The Giżycko judge ruled that the couple’s original divorce judgment was legally “non-existent” because it had been signed off by one of the “neo-judges” appointed under reforms designed by previous Justice Minister Zbigniew Ziobro.
EU courts later ruled that Ziobro’s overhaul had undermined judicial independence, leaving Tusk’s government grappling with how to dismantle the system without undermining legal certainty.
It’s unclear how many similar rulings may exist across Poland, but the scale is vast. The country records around 57,000 divorces a year, and tens of thousands of routine cases, including divorces, may have been decided by judges appointed under the disputed system.
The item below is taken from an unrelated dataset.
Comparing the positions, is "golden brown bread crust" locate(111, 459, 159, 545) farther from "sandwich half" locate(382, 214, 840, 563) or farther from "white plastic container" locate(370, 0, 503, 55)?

Kinga Skawińska-Pożyczka, a lawyer at Warsaw-based firm Dubois i Wspólnicy, said the decision was flawed and should be overturned on appeal, arguing that a court handling a property dispute should not have questioned the validity of a final divorce ruling. “The Giżycko ruling should be treated as an exception, not a rule,” she said.
But others warned that even isolated rulings can have wider consequences. “A system that starts mass-questioning its own rulings stops being a system,” said Bartosz Stasik, a Wrocław-based lawyer. “Nobody wants to be the one to tell thousands of people their divorces, inheritances or verdicts don’t exist — but every avalanche starts with a single stone.”